* **Exercise directions**: Would you show every line from the records that holds "about"?
*** Opening Excerpted data ***
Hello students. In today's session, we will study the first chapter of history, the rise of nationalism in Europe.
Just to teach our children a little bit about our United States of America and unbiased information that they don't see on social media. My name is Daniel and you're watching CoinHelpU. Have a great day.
*** Closing Excerpted data ***
*** Opening Excerpted data ***
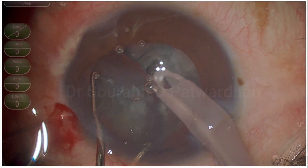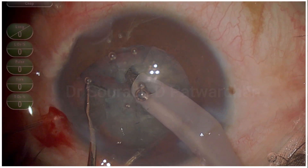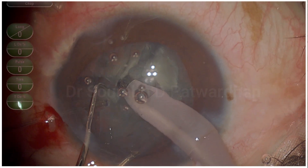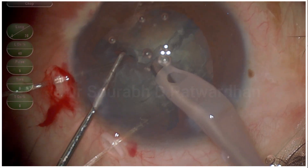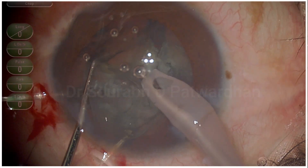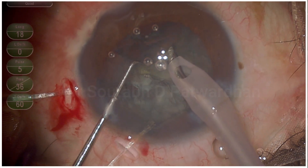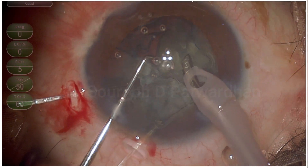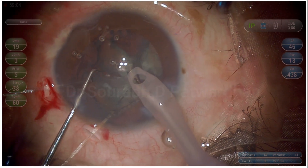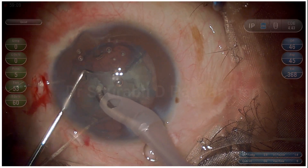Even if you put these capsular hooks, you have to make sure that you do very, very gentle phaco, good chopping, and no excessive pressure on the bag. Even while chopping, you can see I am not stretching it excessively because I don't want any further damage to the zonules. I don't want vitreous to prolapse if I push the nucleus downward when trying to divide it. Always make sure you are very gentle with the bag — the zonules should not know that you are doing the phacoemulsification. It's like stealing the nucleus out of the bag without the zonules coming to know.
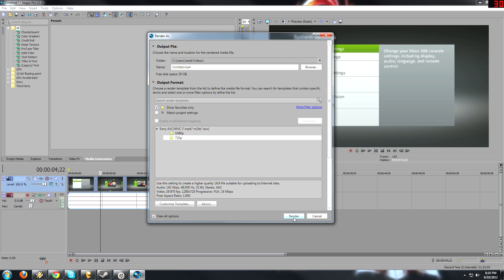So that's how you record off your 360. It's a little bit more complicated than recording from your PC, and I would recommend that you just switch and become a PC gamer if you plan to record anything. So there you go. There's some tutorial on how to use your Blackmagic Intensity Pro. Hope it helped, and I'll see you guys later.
*** Closing Excerpted data ***
*** Opening Excerpted data ***
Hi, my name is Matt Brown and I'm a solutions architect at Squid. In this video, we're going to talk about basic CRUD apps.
*** Closing Excerpted data ***
* **Written answer**:
Just to teach our children a little bit about our United States of America and unbiased information that they don't see on social media. My name is Daniel and you're watching CoinHelpU. Have a great day.
Hi, my name is Matt Brown and I'm a solutions architect at Squid. In this video, we're going to talk about basic CRUD apps.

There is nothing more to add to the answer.